Monthly Archives: August 2014

Visualizing Text Spaces

3D_matrix_analysis_Image

For the DH2014 conference in Lausanne, Switzerland I prepared an interactive visualization of the small corpus of seventeenth-century French plays I had analyzed using Raymond Queneau’s matrix analysis of language. The visualization shows that Queneau’s matrix analysis can distinguish verse from prose fairly well by syntax alone, without any direct measurement of meter, rhyme or word choice.

There were some limitations with that initial visualization, however. First, it assumes that a text is either verse or prose when many texts are mixed. It should be possible to account for a spectrum of texts varying from exclusively prose to exclusively text, with most somewhere in-between. Second, with 72 texts it represents a relatively small sample of data. A much larger set (631 texts) is available. Third, while text type (verse or prose) is the dominant signal in the corpus, it should be possible to observe if other parameters such as author or date determine a text’s relationship to other texts in the corpus.

I have created a visualization that attempts to overcome these limitations. Using WebGL and Shiny, the visualization offers an interactive three-dimensional representation that combines three biplots for three principal components. Please see my earlier post where I explain how matrix analysis works and how I represent it with “triplots”.

Instead of using a binary color scheme to indicate prose or verse, I have calculated a percentage of verse in each text, with blue representing verse and red representing prose. Mixed texts appear as various shades of violet. As one would expect, the texts represented by violet spheres inhabit a zone between red (prose) and blue (verse) spheres. This suggests that although prose and verse texts do separate largely according to their syntax, there is a continuum from one to the other.

Although text type (prose/verse) remains the strongest signal in matrix analysis, the texts by some authors do tend to cluster in the visualization. One can search for texts by Pierre Corneille and observe a predominance of PF and SF. Texts by Molière exhibit a relative paucity of FF and BF. The five plays by Jean-Jacques Rousseau, however, are dispersed in the visualization and suggest a varied syntax in his play-writing.

Apart from the fact that most plays written before 1690 are in verse, it is difficult to see correlations between dates and text types. Further exploration may reveal correlations, however.
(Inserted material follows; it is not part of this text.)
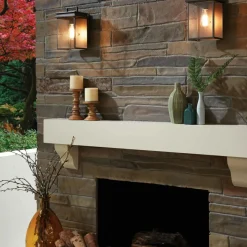 Sklep Kaja Prostopadłościenny kinkiet ogrodowy FE-GLENVIEW-M z serii GLENVIEW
By experimenting with visualizing these data, I have found that three-dimensional images with meaningful chromatics allow for effective interaction with a fairly complex set of textual data. Corpora appear as spaces where distances between textual objects depend on how one defines relationships between the objects. One could imagine other bases for constructing spaces of texts, such as semantics, phonology, geography (not necessarily determined by a preexisting map), and thematics.